To understand what might be causing your edema, your doctor will first perform a physical exam and ask you questions about your medical history. This information is often enough to determine the underlying cause of your edema. In some cases, X-rays, ultrasound exams, magnetic resonance imaging, blood tests or urine analysis may be necessary.
Mild edema usually goes away on its own, particularly if you help things along by raising the affected limb higher than your heart.
More-severe edema may be treated with drugs that help your body expel excess fluid in the form of urine (diuretics). One of the most common diuretics is furosemide (Lasix). However, your doctor will determine whether these types of medications are a good option for you based on your personal medical history.
Long-term management typically focuses on treating the underlying cause of the swelling. If edema occurs as a result of medication use, your doctor may adjust your prescription or check for an alternative medication that doesn't cause edema.
Explore Mayo Clinic studies testing new treatments, interventions and tests as a means to prevent, detect, treat or manage this disease.
Lifestyle and home remedies
The following may help decrease edema and keep it from coming back. Before trying these self-care techniques, talk to your doctor about which ones are right for you.
- Movement. Moving and using the muscles in the part of your body affected by edema, especially your legs, may help pump the excess fluid back toward your heart. Ask your doctor about exercises you can do that may reduce swelling.
- Elevation. Hold the swollen part of your body above the level of your heart several times a day. In some cases, elevating the affected body part while you sleep may be helpful.
- Massage. Stroking the affected area toward your heart using firm, but not painful, pressure may help move the excess fluid out of that area.
- Compression. If one of your limbs is affected by edema, your doctor may recommend you wear compression stockings, sleeves or gloves, usually worn after your swelling has gone down, to prevent further swelling from occurring. These garments keep pressure on your limbs to prevent fluid from collecting in the tissue.
- Protection. Keep the affected area clean, moisturized and free from injury. Dry, cracked skin is more prone to scrapes, cuts and infection. Always wear protection on your feet if that's where the swelling typically occurs.
- Reduce salt intake. Follow your doctor's suggestions about limiting how much salt you consume. Salt can increase fluid retention and worsen edema.
Preparing for your appointment
Unless you're already under a specialist's care for a current medical condition, you'll probably start by seeing your family doctor to begin evaluation for what could be causing your symptoms.
Here's some information to help you prepare for your appointment, and what to expect from your doctor.
What you can do
- Be aware of any pre-appointment restrictions. At the time you make the appointment, be sure to ask if there's anything you need to do in advance to prepare for common diagnostic tests.
- Write down any symptoms you're experiencing, including any that may seem unrelated to the reason for which you scheduled the appointment.
- Make a list of your key medical information, including any other conditions for which you're being treated, and the names of any medications, vitamins or supplements you're taking.
- Consider questions to ask your doctor and write them down. Bring along notepaper and a pen to jot down information as your doctor addresses your questions.
For edema, some basic questions to ask your doctor include:
- What are the possible causes of my symptoms?

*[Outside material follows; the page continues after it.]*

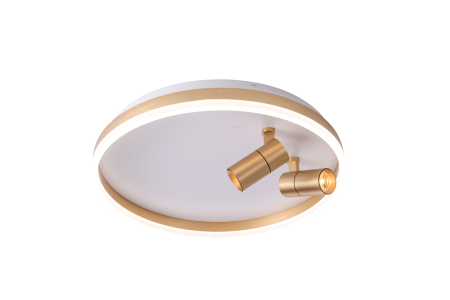 Потолочный светильник белый LED 30Вт+10Вт D50см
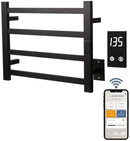 [Pre-order] Topdattion Smart Wireless Electric Towel Warmer | Blade Thin 4 Bar Design | Hardwired & Plug-in | Alexa & Google Home Compatible | Matte Black Finish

- What kinds of tests do I need? Do these tests require any special preparation?
- Is my condition temporary?
- Will I need treatment?
- What treatments are available?
- I have other medical problems; will this treatment interfere with them?

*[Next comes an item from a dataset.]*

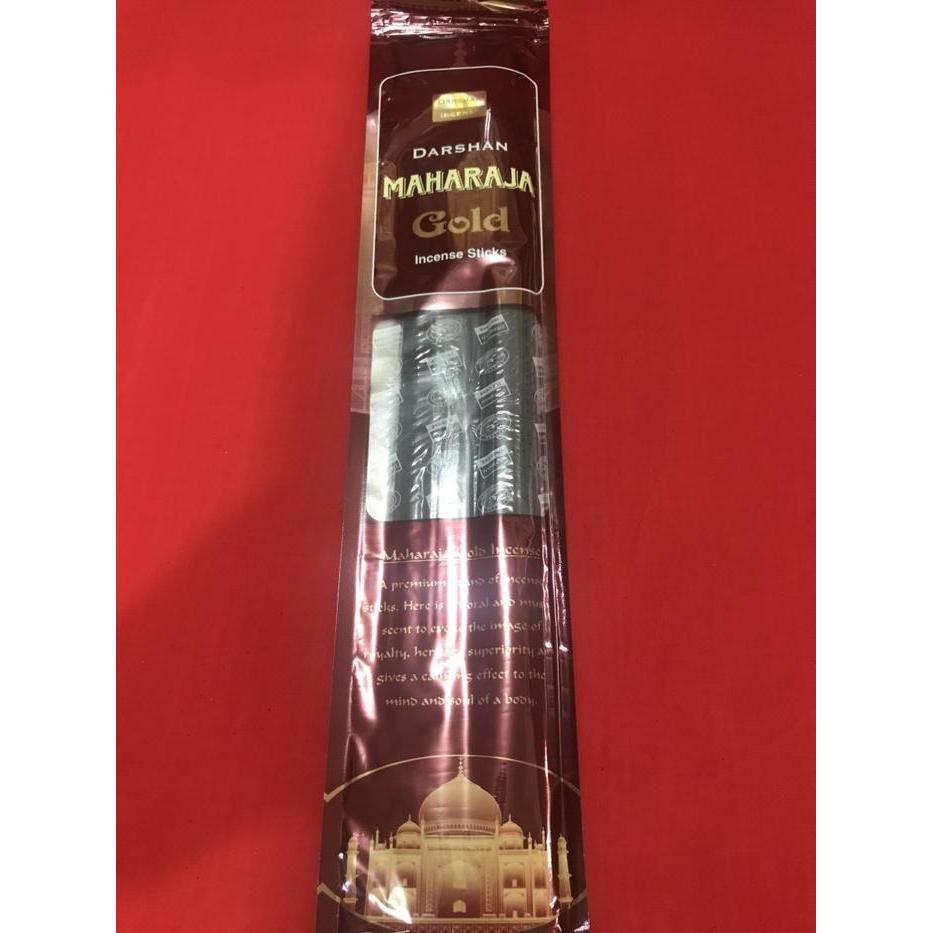 Dupa India Aromaterapi Red Bathi Darshan Maharaja Gold 50 stick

- Do you have any brochures or other printed material that I can take home with me? What websites do you recommend visiting?
What to expect from your doctor
Your doctor is likely to ask you a number of questions. Being ready to answer them may reserve time for you and your doctor to review important points.

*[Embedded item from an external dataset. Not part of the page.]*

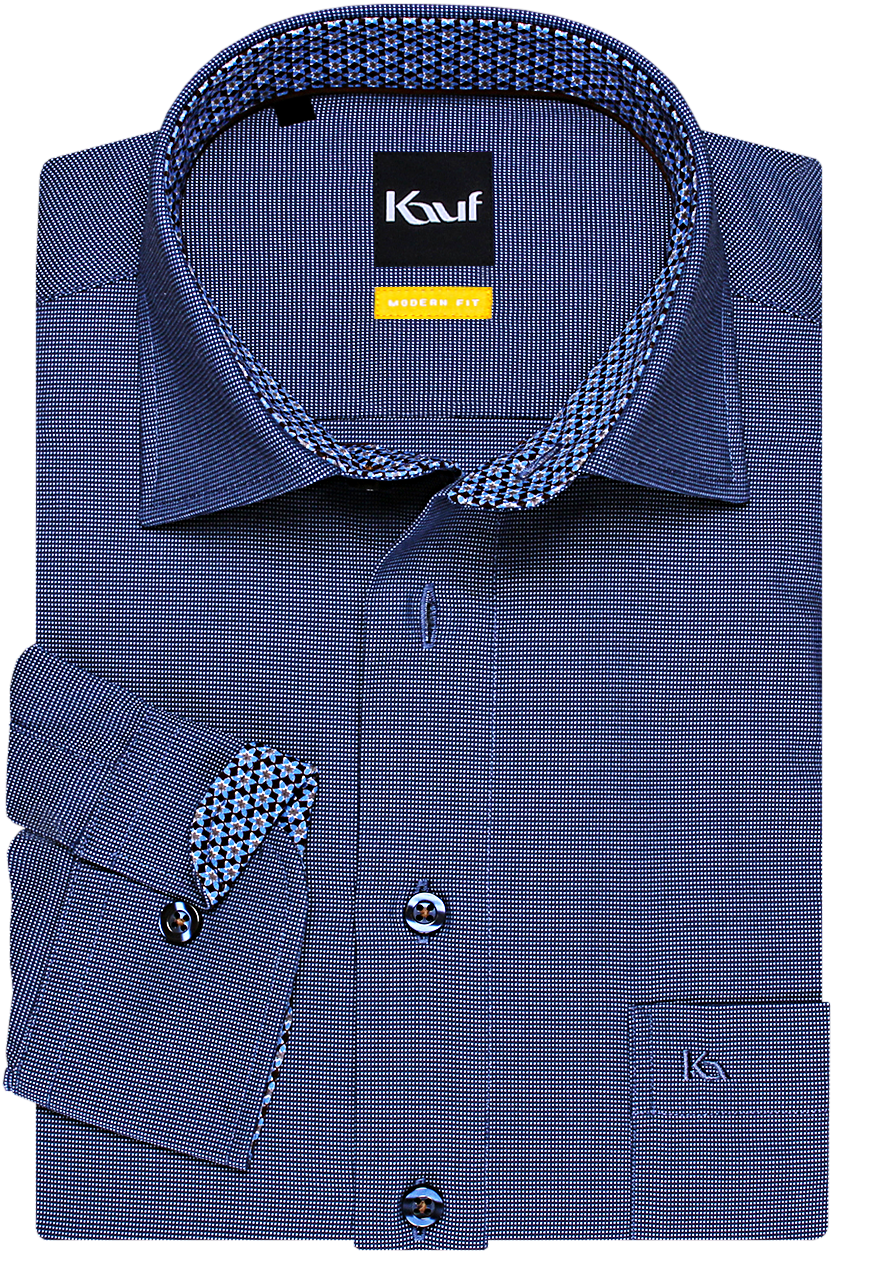 businesshemd blau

Questions your doctor might ask include:
- What symptoms are you experiencing?
- How long have you been experiencing these symptoms?
- Do your symptoms seem to come and go, or are they always there?
- Have you had edema before?
- Does anything seem to make your symptoms better?
- Is there less swelling after a night's rest in bed?
- Does anything seem to make your symptoms worse?
- What kinds of foods do you regularly eat?
- Do you restrict your intake of salt and salty foods?
- Do you drink alcohol?
- Do you seem to be urinating normally?
- Do you notice swelling all over your body, or does it seem to be in just one area, such as an arm or leg?
- Does swelling diminish if you raise the swollen limb above heart level for an hour or so?